Após prisão, pregador de rua é inocentado

Foto: Christian Concern

Oluwole Ilesanmi, o pregador de rua, ministrava do lado de fora de uma estação de metrô em Londres e foi enviado para fora da cidade para não “violar a paz”

Oluwole Ilesanmi, 64 anos, conhecido como Pregador de rua foi inocentado após ter sido preso por pregar a Palavra de Deus em Londres, em fevereiro. Ele foi indenizado com £ 2.500 (equivalente a cerca de R$ 11.500) pela Scotland Yard, por sua prisão ilegal.

Segundo a CBN News, Oluwole foi preso pela polícia de Londres e levado a oito quilômetros de distância para impedir que ele pregasse o evangelho.

Em abril, pastor canadense, David Lynn, foi preso em Londres enquanto pregava nas ruas de Londres

Um vídeo que viralizou na Inglaterra mostra a polícia arrancando a Bíblia da mão do pregador enquanto ele implorava:

“Não leve minha Bíblia embora. Tudo que eu queria era que eles entendessem a Palavra de Deus”, dizia Ilesanmi.

O homem pregava do lado de fora da estação de metrô de Southgate, no norte de Londres. Ao abordá-lo, os polícias disseram que ele seria preso por “violar a paz”. Ele foi liberado depois na beira da jurisdição em Wrotham Park, fora da zona de transporte de Londres.

Petição

Após a prisão de Olu, Christian Concern lançou uma petição pedindo ao governo britânico que fizesse mais para proteger os direitos dos pregadores de rua. A petição recebeu mais de 38 mil assinaturas das pessoas que demonstraram seu apoio.
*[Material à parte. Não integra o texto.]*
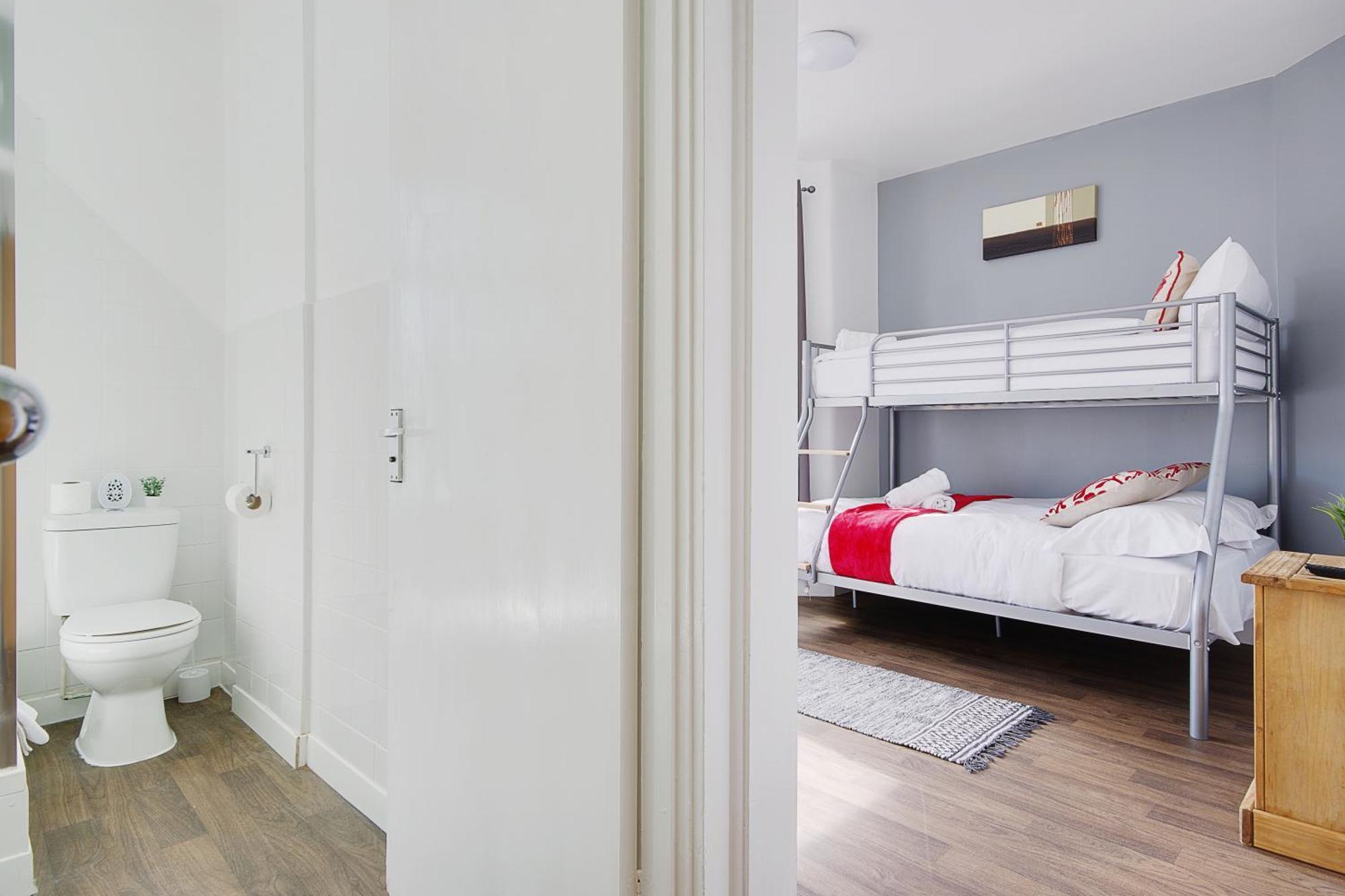 Azure Beach Hotel Борнмут Экстерьер фото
A fundadora e diretora executiva da Christian Concern, Andrea Williams, esperava que a petição ajudasse a “proteger a liberdade dos pregadores de rua”, garantindo que os policiais usem apenas seus poderes de prisão quando isso for absolutamente necessário.

“A pregação de rua no Reino Unido tem uma história longa e célebre. A pregação ao ar livre é a única maneira de garantir que todo o público tenha a oportunidade de responder ao amor de Jesus Cristo”, disse Williams.

Com a decisão, o homem será indenizado por sua detenção injusta e falsa prisão, danos agravados por danos excepcionais e tratamento humilhante e angustiante, e reconhecimento por qualquer possível trauma psicológico sofrido durante a prisão.

“Deus ama a todos, mas tenho o direito de dizer que não concordo com o Islã, afinal, estamos vivendo em um país cristão. Fico feliz que a polícia tenha reconhecido que não estava certo prender-me por pregar da Bíblia”, disse Ilesanmi em um tweet.

O outro lado

Um porta-voz da Scotland Yard, sede central da Polícia Metropolitana de Londres, disse: “O Serviço de Polícia Metropolitana chegou a um acordo com um homem devido a um incidente ocorrido em 23 de fevereiro próximo à estação Southgate”.

O superintendente da força, Neil Billany, disse: “A Polícia Metropolitana respeita e defende os direitos de todos os indivíduos para praticar a liberdade de expressão, e isso inclui pregadores de rua de todas as religiões e origens. No entanto, se a linguagem que alguém usa for percebida como um possível crime de ódio, é justo que investiguemos”.

“Esse é o papel da polícia, mesmo que posteriormente seja tomada uma decisão de que suas ações não sejam criminosas. Neste caso, foi considerado apropriado remover o homem da área”, completou Billany.